Benkirane et le PJD commencent à s’impatienter et montrent des signes de nervosité

Benkirane et le PJD commencent à s’impatienter et montrent des signes de nervosité

Rien ne point à l’horizon en ce qui concerne la formation du gouvernement. Abdelilah Benkirane a été désigné par le roi Mohammed VI voici près de  6 semaines déjà, mais rien de nouveau n’est à signaler. Le chef du gouvernement a rencontré Aziz Akhannouch la semaine dernière, à Marrakech, en marge de la COP22, mais les deux hommes sont restés sur leurs positions, et le PJD commence à montrer des signes d’impatience…

Il est maintenant clair qu’Abdelilah Benkirane ne souhaite pas donner suite à la décision hésitante de l’USFP d’entrer dans son gouvernement. Les conditions émises par Driss Lachgar – à savoir connaître les termes de l’alliance avant même de la contracter –  sont inacceptables pour le chef du gouvernement, en plus du fait de la défiance qui règne entre les deux hommes depuis longtemps. Il ne reste donc plus à Benkirane que la carte RNI. Mais le RNI, c’est aussi le MP et l’UC, soit 83 députés, alors même qu’il ne manque au bloc PJD/PPS/Istiqlal que 20 voix pour obtenir la majorité absolue à la Chambre des représentants.

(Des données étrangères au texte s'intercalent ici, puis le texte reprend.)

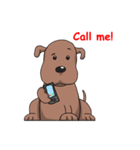 Brown doggy（個別スタンプ：2）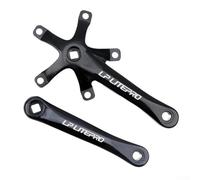 Bielas de aluminio ultraligero con brazos de manivela de 170 mm, interfaz 130BCD y plato ancho estrecho mecanizado CNC para bicicletas de un solo anillo (manivela negra)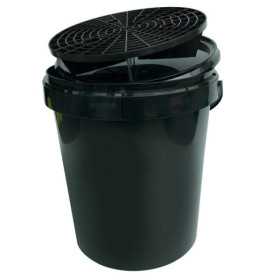 Seau laveauto 15L Noir  Couvercle  Paregrain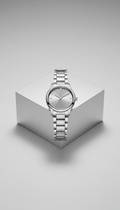 Mist Silver classic analog watch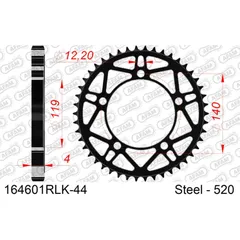 Stahl-Kettenrad AFAM 428 - 50Z Silber 1620350
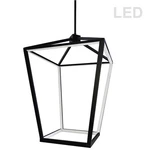 Dainolite Cage 12 Light 17" Chandelier, Matte Black/white CAG-2664C-MB. Fixed Price $398.40.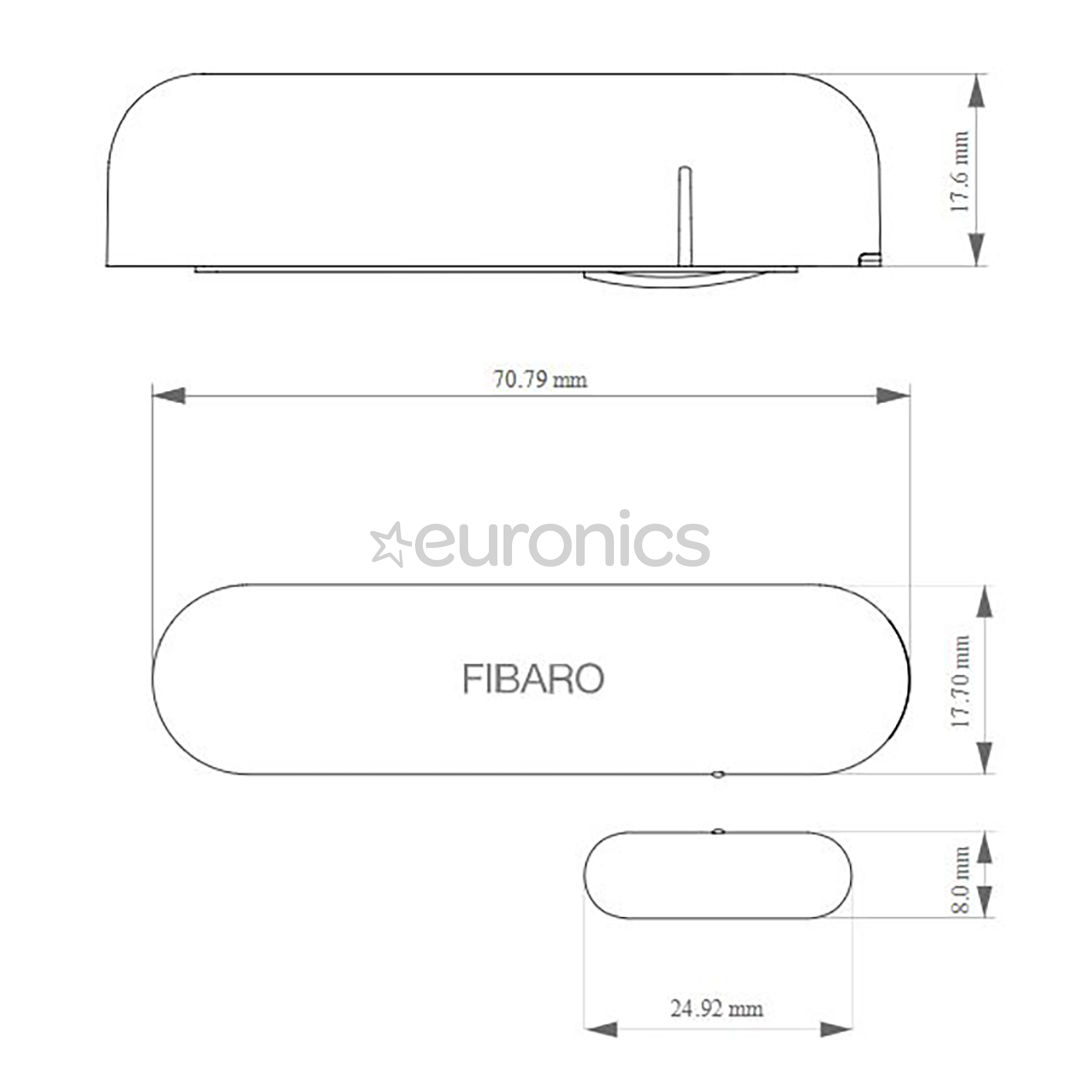 Durvju / logu atvēršanas sensors, Fibaro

Et Aziz Akhannouch tient à ne rejoindre cette coalition que si le parti de l’Istiqlal la quitte. Alors les tirs commencent.

Par Nabil Benabdallah, allié inconditionnel de Benkirane depuis plusieurs années... Il a déclaré lors d’une conférence à Rabat que « ceux qui veulent soumettre le champ politique n’ont pas encore déposé les armes, ni ne se sont rendus à l’évidence démocratique »… Le secrétaire général du PPS ajoute « ces manœuvres resteront possibles tant que les règles du jeu ne sont pas clarifiées pour de pareilles situations », en l’occurrence un parti arrivé premier mais qui ne parvient pas à réunir une majorité absolue. Leur instrument ? « Ces partis nés de et par l’administration ne reflètent pas la volonté populaire. Ils deviennent un levier facile pour ceux qui veulent l’actionner, et favorisent le tahakkoum ». Le mot est dit, il revient.

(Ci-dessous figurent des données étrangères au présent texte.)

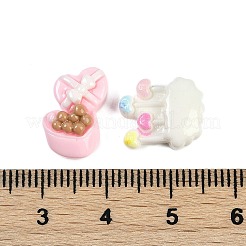 Liebesthema Harz Cabochons RESI-H166-22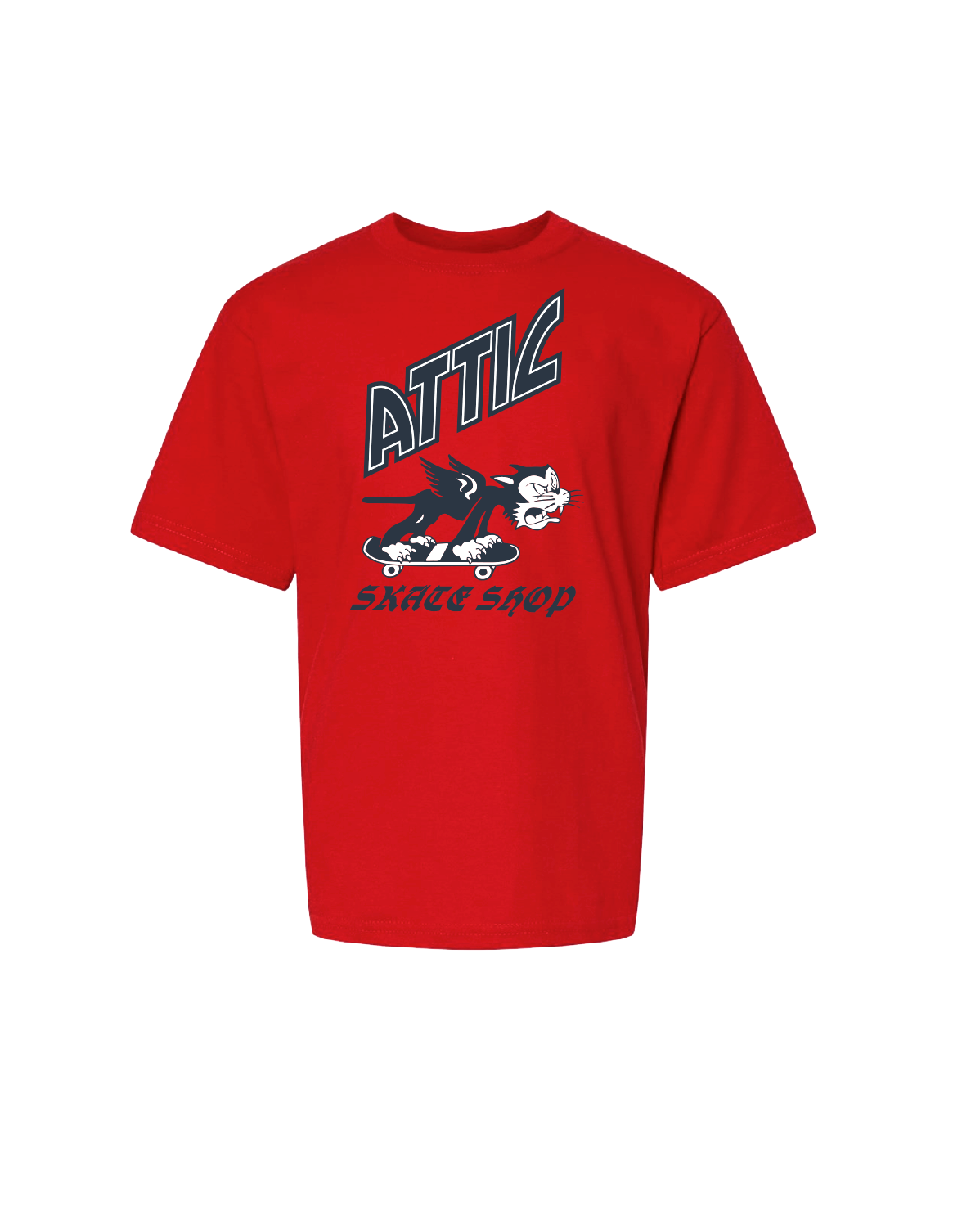 Attic Skateboards Flyer Youth Shirt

Autre sortie, celle d’Aziz Rabbah, dont l’intervention est d’autant plus intéressante qu’il est connu pour n’être pas dans les bonnes grâces de Benkirane qui lui avait lancé un jour : « attends ton tour ! »… Qu’a dit Rabbah ? « Remplacer Benkirane par un autre cadre du parti pour diriger le futur gouvernement PJD est une chose non envisagée…et s’il relève d’une interprétation démocratique de la constitution, alors il faudra que cela aille plutôt dans le renforcement du modèle marocain ». Précisément… Il s’agirait bien d’une interprétation démocratique de la constitution, dans le sens où si Benkirane pose problème, il faudra résoudre le problème dans le cadre de la réalité démocratique marocaine. Et la réalité de notre fragile, naissante et balbutiante démocratie commande de ne pas tarder indéfiniment dans un dialogue de sourds. Il appartiendra donc au roi d’agir, en tant que garant du bon fonctionnement des institutions. Il ne lui restera, avant d’appeler à de nouvelles élections, que la possibilité de désigner un autre dirigeant du PJD pour former un gouvernement mené par le PJD.

Quant à Mohamed Yatim, membre dirigeant du PJD et sniper attitré de Benkirane (avec il est vrai un certain talent), il s’est pris à philosopher : « Il faut prendre exemple sur la démocratie allemande et ‘l’accumulation démocratique’. les Allemands, différemment aux Français et aux Américains, ne limitent pas le nombre de mandats à deux, car cela se fait de manière démocratie et non à la façon arabe. Chez nous,  les Arabes, nous n’avons pris exemple ni sur l’une ni sur l’autre des deux configurations, car ce qui manque chez nous est la démocratie ». Ce n’est pas faux, mais chez nous, aussi, les Arabes, quand un chef de gouvernement est désigné, et qu’il ne peut former de majorité, il s’incruste et crie au complot.

Fort bien. Mais maintenant, quoi faire ? Il est évident que le blocage est établi aujourd’hui. Le fait d’avoir été désigné pour former un gouvernement confère certes des droits à Abdelilah Benkirane mais aussi des obligations. Pour débloquer la situation, il doit faire des concessions : soit accepter l’intrusion de l’USFP dans son gouvernement, soit accepter l’exigence d’Akhannouch de s’allier avec lui, sans Istiqlal. S’il refuse, alors le problème sera venu de lui, car dans sa position, il doit négocier, il est tenu et obligé de négocier. Rendre les clés, comme il dit, est la solution de facilité, et une solution de facilité est par essence irresponsable.